Below is a high-level overview of the main components of the training script.
- Imports and Hyperparameters
- import torch, import torch.nn as nn, etc.
- Set up device (CUDA or CPU), learning rate, batch size, and number of epochs.
- Transforms
transform = transforms.Compose([
transforms.Resize(256),
transforms.CenterCrop(224),
transforms.ToTensor(),
transforms.Normalize(mean=[0.485, 0.456, 0.406],
std=[0.229, 0.224, 0.225]),
])This pipeline resizes images to 256×256, center-crops to 224×224, converts to PyTorch tensors, and normalizes based on ImageNet statistics.
- Dataset and DataLoaders
train_dir = 'input/VGG-Face2/data/vggface2_train/train'
test_dir = 'input/VGG-Face2/data/vggface2_test/test'
train_dataset = datasets.ImageFolder(root=train_dir, transform=transform)
test_dataset = datasets.ImageFolder(root=test_dir, transform=transform)- Uses
ImageFolderto automatically label subfolders as classes. - Creates DataLoaders for batch loading.
- GoogLeNet Model
model = GoogLeNet(aux_logits=True, num_classes=num_classes).to(device)- A custom
GoogLeNetclass that includes Inception blocks and optional auxiliary classifiers. num_classesis set to the number of unique identities in the training set.aux_logits=Trueenables auxiliary heads during training.
- Loss and Optimizer
criterion = nn.CrossEntropyLoss()
optimizer = torch.optim.Adam(model.parameters(), lr=lr)- We use
CrossEntropyLossfor multi-class classification. - The
Adamoptimizer with the specified learning rate.
- Training Loop
for epoch in range(num_epochs):
model.train()
for i, (inputs, labels) in enumerate(train_loader):
# Forward pass
if model.aux_logits:
aux1, aux2, outputs = model(inputs)
loss = (criterion(outputs, labels)
+ 0.5 * criterion(aux1, labels)
+ 0.5 * criterion(aux2, labels))
else:
outputs = model(inputs)
loss = criterion(outputs, labels)
# Backprop and update
optimizer.zero_grad()
loss.backward()
optimizer.step()- Feeds data to the model.

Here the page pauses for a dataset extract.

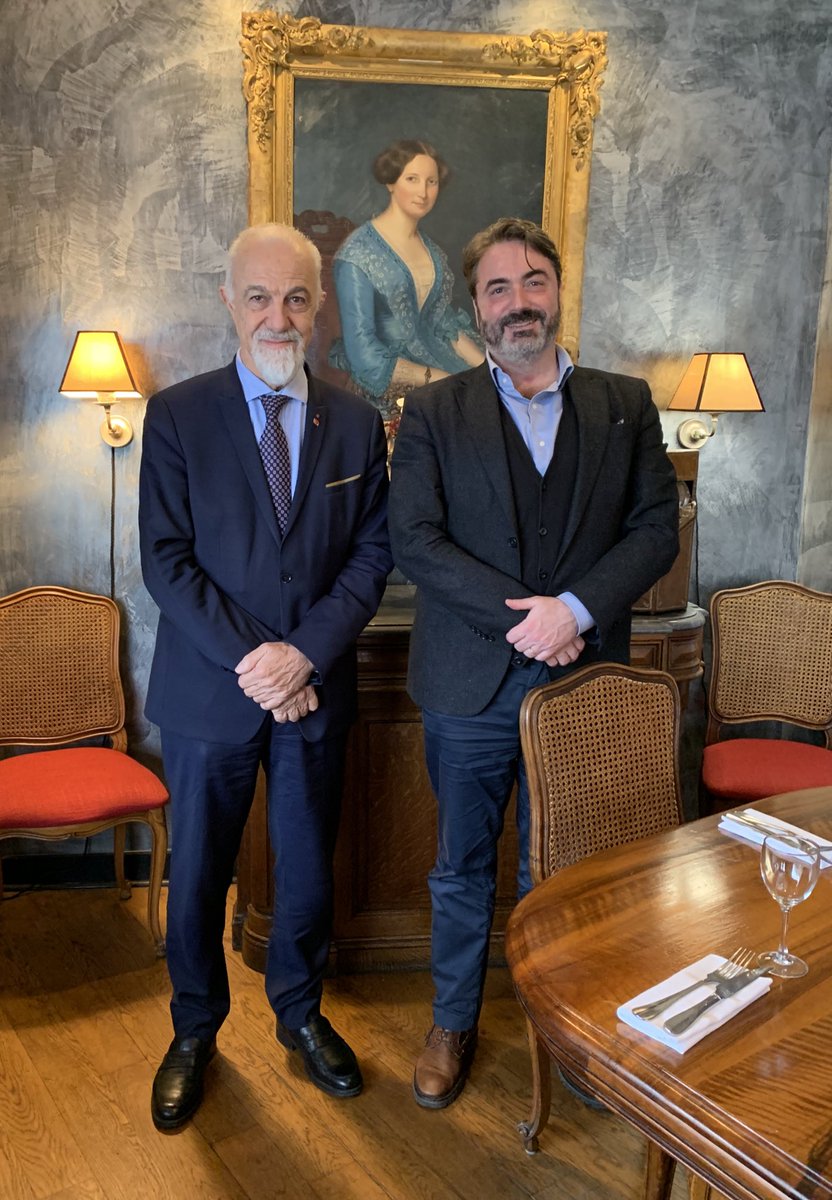 JMCambaceres's tweet image. Déjeuner avec Prince @JoachimMurat. Regrets que 2 décembre (sacre de #Napoléon,victoire #Austerlitz) n’ait pas été +commémoré en #France. Évocation vin «Officier Cambacérès» La Gravette @de_la16842 .Relance du Rayonnement International Napoléonien:Asie,Afrique. #CharlesBonaparte.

- If auxiliary classifiers are used, it combines their losses with the main output.
- Performs backpropagation and updates weights.
- Evaluation
model.eval()
correct = 0
total = 0
with torch.no_grad():
for inputs, labels in test_loader:
outputs = model(inputs)
_, predicted = torch.max(outputs.data, 1)
total += labels.size(0)
correct += (predicted == labels).sum().item()
test_accuracy = 100 * correct / total
print(f"Test Accuracy: {test_accuracy:.2f}%")- Switches the model to evaluation mode (disabling dropout, auxiliary heads).
- Computes accuracy on the test set.
- Plots
- The script plots training loss and accuracy over time for quick visualization.